Depressa se perde nas contas dos anos em que ficou em cada empresa, mas incontáveis são os quilómetros que trilhou numa bicicleta emprestada entre Samora Correia e Alverca do Ribatejo quando ter carro para ir para o trabalho era um objectivo quase utópico. “Primeiro consegui comprar uma Vespa, depois um Mini”, diz com orgulho antes de introduzir que foi como formador de torneamento no Instituto de Emprego e Formação Profissional - onde esteve mais de 20 anos - que se realizou profissionalmente. Depois atira: “Quem não gosta da sua profissão não consegue atingir um nível razoável, chegar onde quer chegar”.
Um dos responsáveis pela existência de bombeiros em Samora
Desde cedo que o associativismo fez parte da vida de Júlio Pereira, recordada a O MIRANTE numa das mesas da Biblioteca Odete e Carlos Gaspar, no Palácio do Infantado, em Samora Correia. Primeiro através da Sociedade Filarmónica União Samorense, onde aprendeu a tocar trompete aos 15 anos e integrou a direcção que criou o coro infantil, a orquestra ligeira e a tuna, e depois como presidente dos Bombeiros Voluntários de Samora Correia onde também se fez comandante. Mas quando integrou pela primeira vez a direcção, recorda, ainda se chamava Associação de Assistência de Samora Correia e o quartel improvisado funcionava num antigo celeiro na cidade. “Aquilo funcionava mal, ao pé-coxinho, as pessoas ligavam e nunca estava lá ninguém para atender”, os operacionais não tinham formação e não havia escalas de serviço.

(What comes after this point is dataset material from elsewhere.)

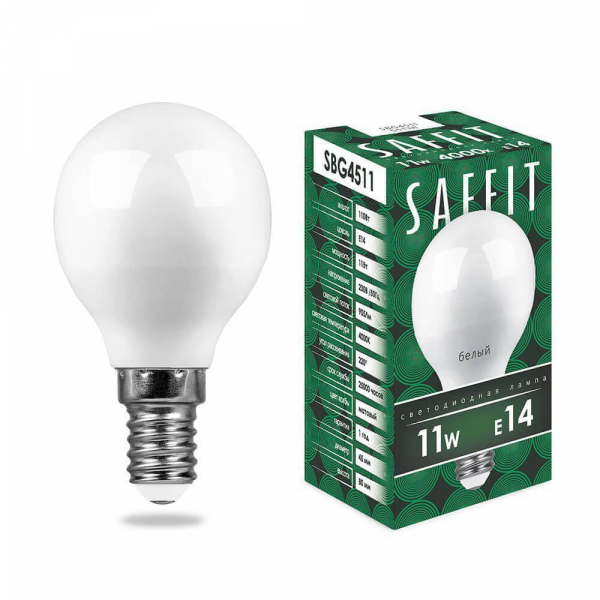 Лампа светодиодная Saffit E14 11W 4000K Шар Матовая SBG4511 55138 Лампа светодиодная Saffit E14 11W 4000K Шар Матовая SBG4511 55138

A custo e contra a vontade de alguns conseguiram um corpo de voluntários para garantir 24 horas de serviço, afixando panfletos pela cidade. “Eram todos homens nessa altura. Fizeram o curso de primeiros socorros na Casa do Povo, incluindo eu, e contratámos duas mulheres para fazer o atendimento telefónico”. A frota foi crescendo com a ajuda de donativos da população, numa altura em que não recebiam qualquer subsídio pelas ocorrências a que respondiam. “Com sorte talvez, mas com muita persistência, consegui que passassem a ser oficialmente Bombeiros Voluntários de Samora Correia. Sempre que vejo passar uma ambulância penso que valeu a pena”, conclui.